# Series and sequence

1. Apr 23, 2005

### ILoveBaseball

$$An = \frac{5n}{12n+5}$$

For both of the following answer blanks, decide whether the given sequence or series is convergent or divergent. If convergent, enter the limit (for a sequence) or the sum (for a series). If divergent, enter INF if it diverges to infinity, MINF if it diverges to minus infinity, or DIV otherwise.
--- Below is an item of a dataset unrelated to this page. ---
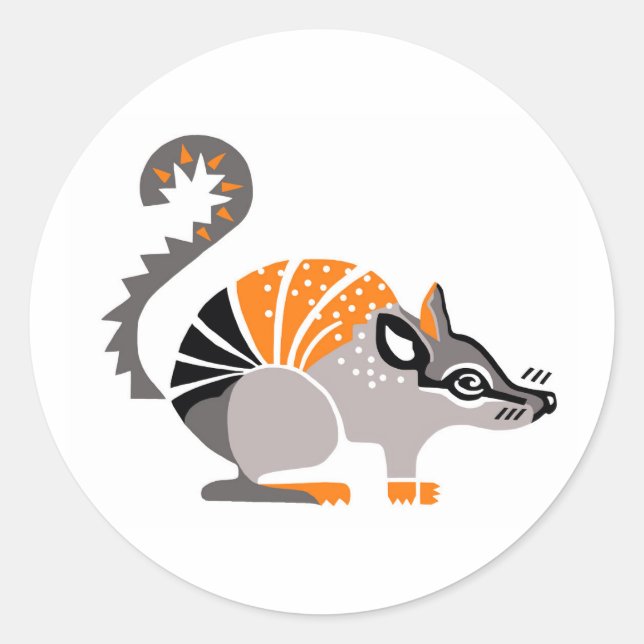 Sticker Rond Carte originale - NUMBAT - Australie - Faune (Devant)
a.) The series n=1 to infinity(i dont know how to make the 'sum of' sign)
(An) i'm having trouble with this one, there seems to be no 'common ratio', so does this mean it's divergent? $$A_1 = 5/17, A_2 = 10/29, A_3 = 15/41$$

b.) the squence $$A_n$$. well for this one as n-> infinity, the limit should be 5/12

2. Apr 23, 2005

### OlderDan

Your b) looks good and should tell you the answer to a) What is 5/12 + 5/12 + 5/12 + 5/12 + 5/12 + 5/12 + 5/12 + 5/12 + 5/12 + 5/12 + 5/12 + 5/12 + 5/12 + 5/12 + 5/12 + 5/12 + 5/12 + 5/12 + 5/12 + 5/12 + 5/12 + 5/12 + 5/12 + 5/12 + 5/12 + 5/12 + 5/12 + 5/12 + 5/12 +. . .

3. Apr 23, 2005

### James R

If

$$A_n = \frac{5n}{12n+5}$$

then

$$\lim_{n \rightarrow \infty} A_n = \lim_{n \rightarrow \infty} \frac{5}{12+5/n}$$
$$=\frac{5}{12+(\lim_{n \rightarrow \infty} 5/n)} = 5/12$$

4. Apr 23, 2005

### HallsofIvy

Staff Emeritus
Hint for a) In order for a series such as $\Sigma_1^{\infinity}A_n$ to converge, it is necessary that the sequence {An} converge to 0.